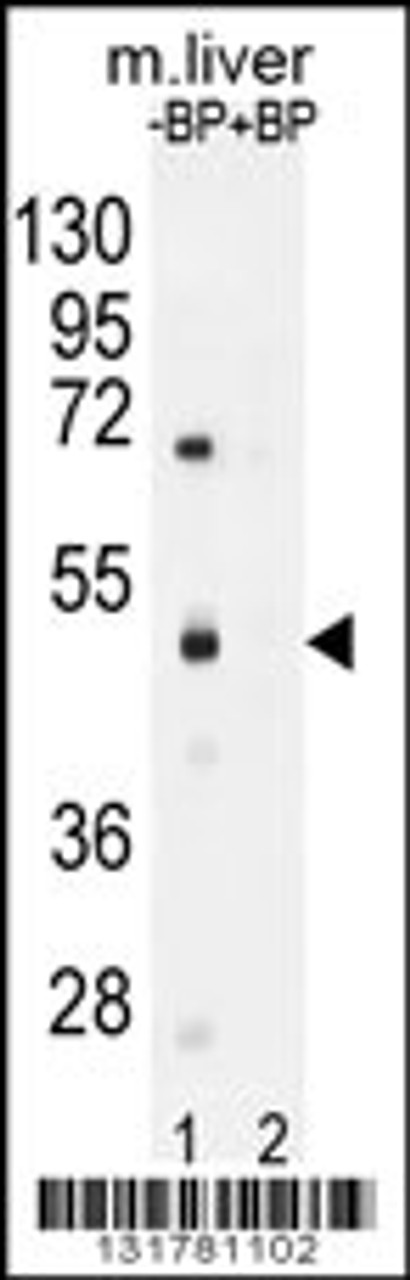 Western blot analysis of SAMD8 Antibody Pab pre-incubated without (lane 1) and with (lane 2) blocking peptide in mouse liver tissue lysate.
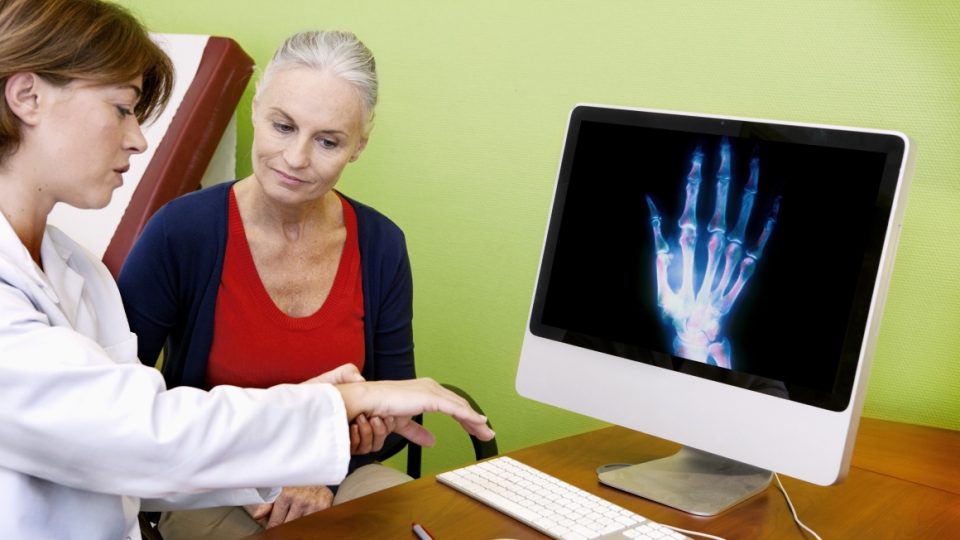 Woman with a doctor going over a bone scan of her hand.
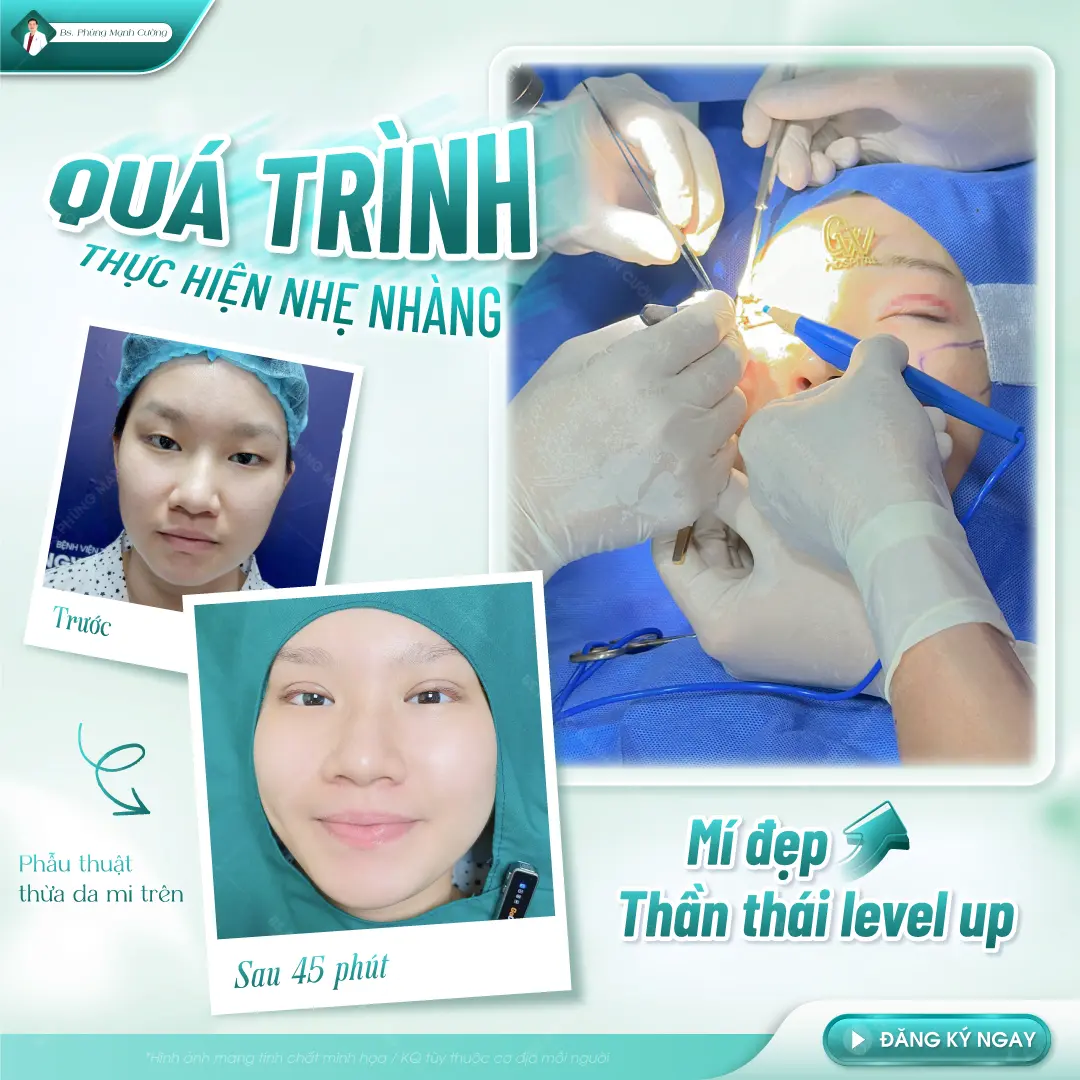 TIêu chí đánh giá cơ sở cắt mí ở Quy Nhơn uy tín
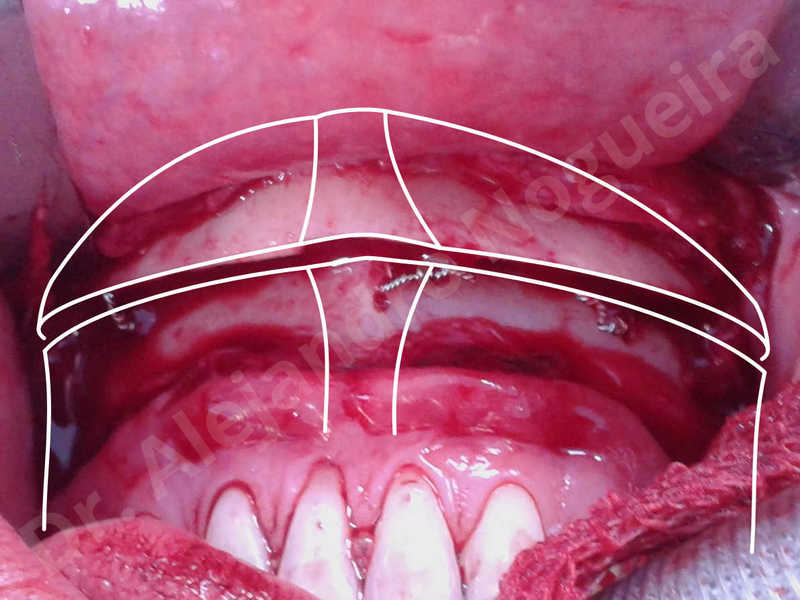 Large chin,Weak chin,Oblique chin osteotomy,Osseous chin advancement,Two dimensional genioplasty - photo 20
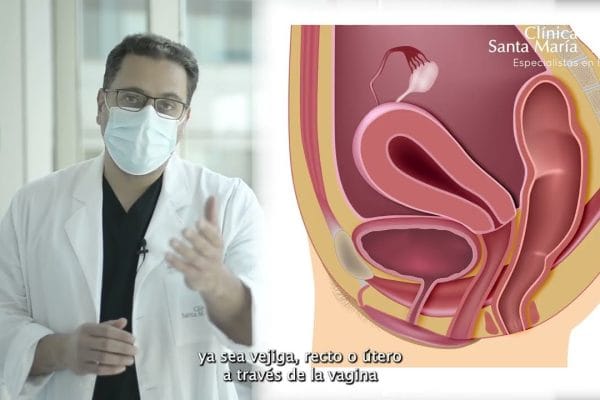Cómo prevenir y tratar el prolapso uterino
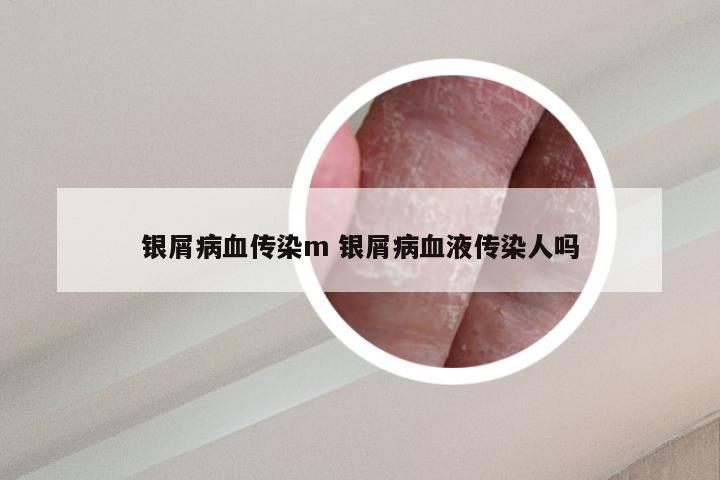 银屑病血传染m 银屑病血液传染人吗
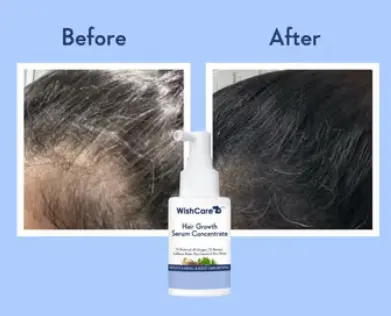Wishcare Hair Growth Serum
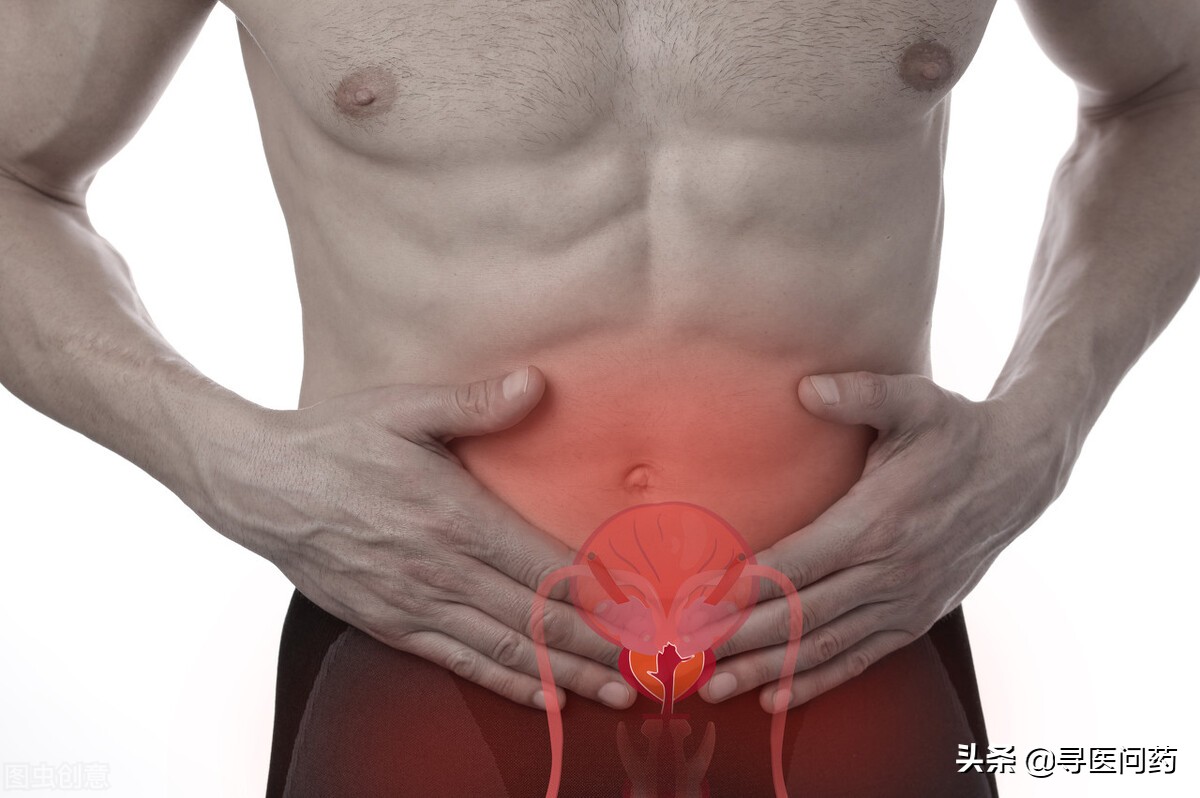 男性一定要注意这几件事,男人预防男性病有六忌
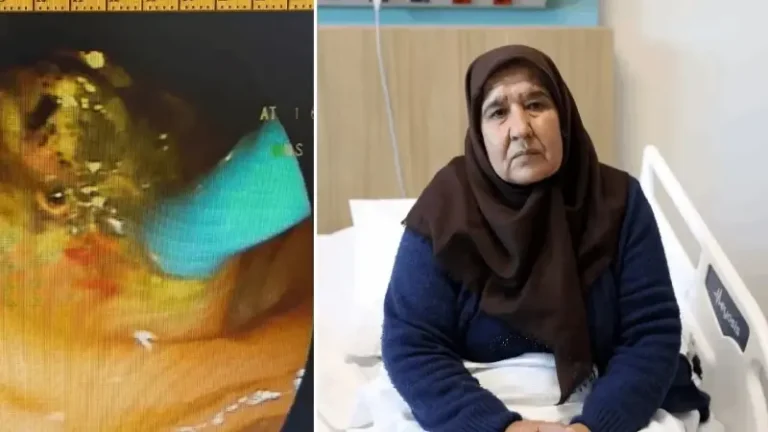 ‘Kalbim sağda atıyor’ dedi, kimseyi inandıramadı: Mide ağrısı için hastaneye başvurdu, gerçek 66 yıl sonra anlaşıldı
----------
● Work request
Take the lines from the one holding "Woman with a" through the final line of the listing above and copy them exactly, both ends included, with no pictures.

● Completed exercise
 Woman with a doctor going over a bone scan of her hand.
 TIêu chí đánh giá cơ sở cắt mí ở Quy Nhơn uy tín
 Large chin,Weak chin,Oblique chin osteotomy,Osseous chin advancement,Two dimensional genioplasty - photo 20
Cómo prevenir y tratar el prolapso uterino
 银屑病血传染m 银屑病血液传染人吗
Wishcare Hair Growth Serum
 男性一定要注意这几件事,男人预防男性病有六忌
 ‘Kalbim sağda atıyor’ dedi, kimseyi inandıramadı: Mide ağrısı için hastaneye başvurdu, gerçek 66 yıl sonra anlaşıldı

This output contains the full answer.